Was Mars also at The Arbor that evening? Apparently.
To be sure, things really soured for Donald after his 1995 conviction. In May of that year, the same month he was convicted, he forked over his Chicopee house to his wife, who divorced him. One of his two sons was killed when he was hit by a car in 2000 at the age of 14, and Donald is mentioned in the obituary as “residence unknown (FYI)”—I shit you not. His wife by then had remarried and he was estranged from the family. I guess he didn’t go to his son's funeral (?). Was he estranged from his parents as well? In 2010 they sent in an item to The Republican newspaper announcing they had renewed their vows and listed the names of four of their sons—but, strangely, not Donald. In 2020, Donald's brother died of COVID. I wonder if he attended that funeral.
Where was Donald living when he wasn’t in jail? There are addresses listed in Dorchester, Lynn, Chicopee, Springfield, and Boston (17 Court Street, the address for the New England Center and Home for Veterans). His Bridgewater address is from 2011 to 2016, so is 2016 when he finally got released from MCI-Bridgewater? I guess it will all come out at or before his trial in November of 2023.
What I’m really dying to see is what finally linked him to the murder. Gulluni did say during the press conference that “significant statements were made” (I guess by Donald?) regarding the homicide.

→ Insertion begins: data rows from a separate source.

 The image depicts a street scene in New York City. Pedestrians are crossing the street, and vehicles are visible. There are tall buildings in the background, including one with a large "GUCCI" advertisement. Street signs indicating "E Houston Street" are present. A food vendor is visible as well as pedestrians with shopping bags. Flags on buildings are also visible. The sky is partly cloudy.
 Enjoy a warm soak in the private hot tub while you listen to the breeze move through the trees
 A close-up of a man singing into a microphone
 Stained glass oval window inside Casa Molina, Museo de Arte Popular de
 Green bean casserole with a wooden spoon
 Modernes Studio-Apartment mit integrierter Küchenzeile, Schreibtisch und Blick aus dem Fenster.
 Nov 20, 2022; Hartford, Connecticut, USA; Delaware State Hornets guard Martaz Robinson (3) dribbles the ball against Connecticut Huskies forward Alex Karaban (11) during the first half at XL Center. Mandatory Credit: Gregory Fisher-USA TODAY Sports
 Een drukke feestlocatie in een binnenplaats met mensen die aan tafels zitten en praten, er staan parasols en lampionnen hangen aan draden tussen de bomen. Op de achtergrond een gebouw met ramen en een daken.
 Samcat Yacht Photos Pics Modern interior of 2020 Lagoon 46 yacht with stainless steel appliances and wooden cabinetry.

It remains to be seen if Donald will even survive long enough to stand trial. He looked really feeble at the arraignment, with a walker next to him and what I assume is a feeding tube attached to him. He seemed befuddled by what was happening, with a confused yet concerned face, which led me to believe he knew what was going on, despite his gaping mouth. He was able to bleat out a weak. high-pitched “not guilty” plea—the only thing he had to say, other than protesting with a mumbling moan at one point when Farris read off his criminal history. He seemed to want to dispute or correct the record on something in particular, but Farris ignored him and kept talking.
It’s interesting to see his slack-jawed sex offender mug shots over the years. He has really aged since his last one in 2018.
With the "air scoop" mouth look at the arraignment, I thought he was going for the insanity defense like bathrobe-wearing mafioso Vincent "The Chin" Gigante (below), but it turns out he's been photographed with that hanging jaw since 2015.
But enough of my amateurish internet sleuthing. I’m sure the DA’s office has much more compelling evidence than Mars visiting this neighborhood as a kid and teen.
The reaction to Mars’ arrest has been, understandably, shock among anyone who has been following the case—and that’s not many people, because the murder had been largely forgotten. Still, it was very much alive to Gulluni, and to Betty Lou’s contemporaries and friends.
Lisa, who was Betty Lou’s best friend at the time of the murder, was on a pond nature trail when she was notified of Mars’ arrest. “I was watching the water ripple in the slight breeze, and I was actually thinking about Betty Lou having been in the Westfield River, when my cell phone notified me of an incoming message,” she said. “It was a good friend of mine telling me, ‘Your friend Betty Lou’s case was on the news! Her [alleged] murderer has been found!’ I started crying and handed my husband my phone to read the message. It feels so surreal. I have lived this nightmare for 56 years, and this month in 2022 my dream came true. I hope to be in that courtroom in 2023. I would love to present a victim impact statement directly spoken to that [alleged] murderer. I hope Mars and I both live long enough for that possibility, and I hope the judge will allow it.”